Updated news on the Gambino, Genovese, Bonanno, Lucchese and Colombo Organized Crime Families of New York City.

Tuesday, June 11, 2013

18 Jurors chosen for start of Whitey Bulger trial


Former mob boss and fugitive James ''Whitey'' Bulger is seen in a booking mug photo released to Reuters on August 1, 2011. REUTERS/U.S. Marshals Service/U.S. Department of Justice/Handout
Court officials on Tuesday seated a jury of 12 members and six alternates to hear the trial of accused mob boss James "Whitey" Bulger, after a difficult selection process for one of Boston's longest-running crime dramas.

The case has been highly publicized in Boston for decades and many of the hundreds of jurors questioned over the past week had personal connections, either knowing relatives of victims or law enforcement officials associated with the investigation. That added to the challenge of finding enough people who could be impartial to hear the trial.

Bulger, whose story inspired the 2006 Academy Award-winning film "The Departed," where Jack Nicholson played a character loosely based on him, sat quietly as the defense and prosecutors finished selections from what had been a poll of more than 800 potential jurors.

The accused leader of Boston's "Winter Hill" crime gang fled Boston after a 1994 tip from a corrupt FBI agent that arrest was imminent. He spent 16 years on the lam before being arrested in a seaside apartment in California in June 2011.

U.S. District Judge Denise Casper warned the jurors not to read or watch news accounts of the trial or to discuss it among themselves or with other people.

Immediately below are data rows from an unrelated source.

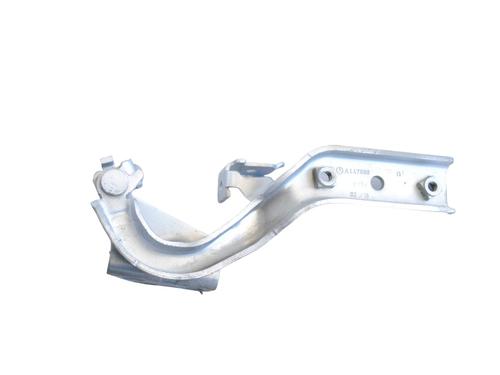 Hinge/Door check strap MERCEDES-BENZ VITO Tourer (W447) 119 CDI / 119 BlueTEC (447.701, 447.703, 447.705) | BP18314488C146 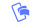 MobilePay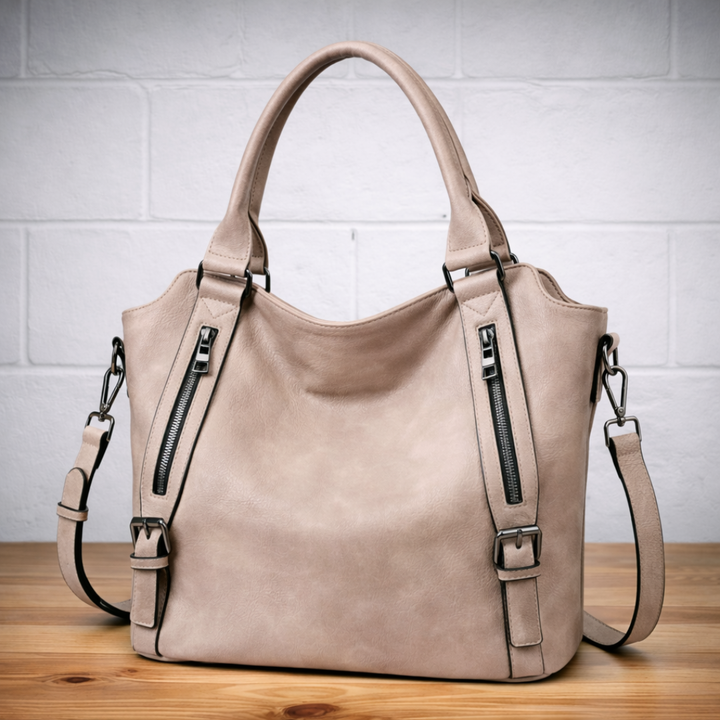 Marcella Bags — Céline de Montréal — view 8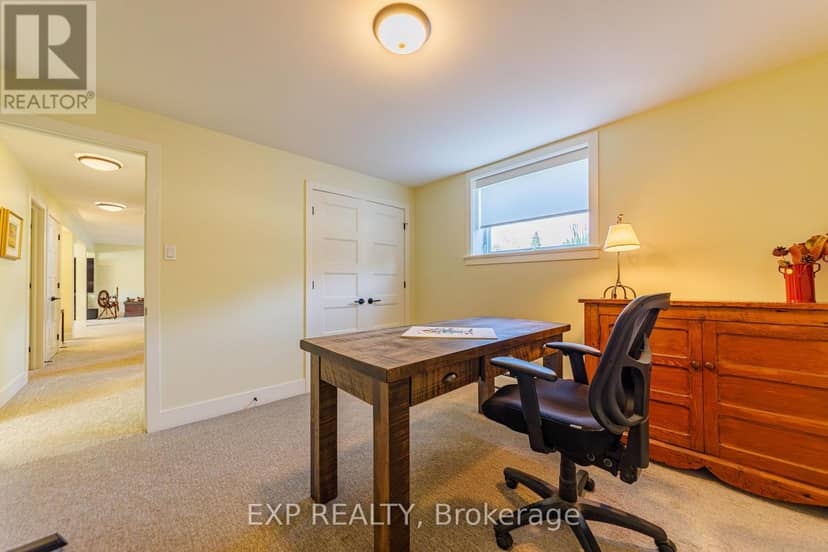 6530 Bunker Road — photo 30 of 40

Opening statements on Bulger's trial on 19 counts of murder, as well as racketeering and extortion, are set for Wednesday at the city's waterfront federal courtroom. Bulger, now 83, has pleaded not guilty on all charges and faces the possibility of life in prison if convicted.

His lawyers on Monday had asked for a delay in opening statements to allow them time to investigate claims that police had turned a blind eye to crimes committed by witness James Martorano after his release from prison.

Martorano confessed to 20 murders but served just 12 years in prison after cooperating with authorities and implicating Bulger.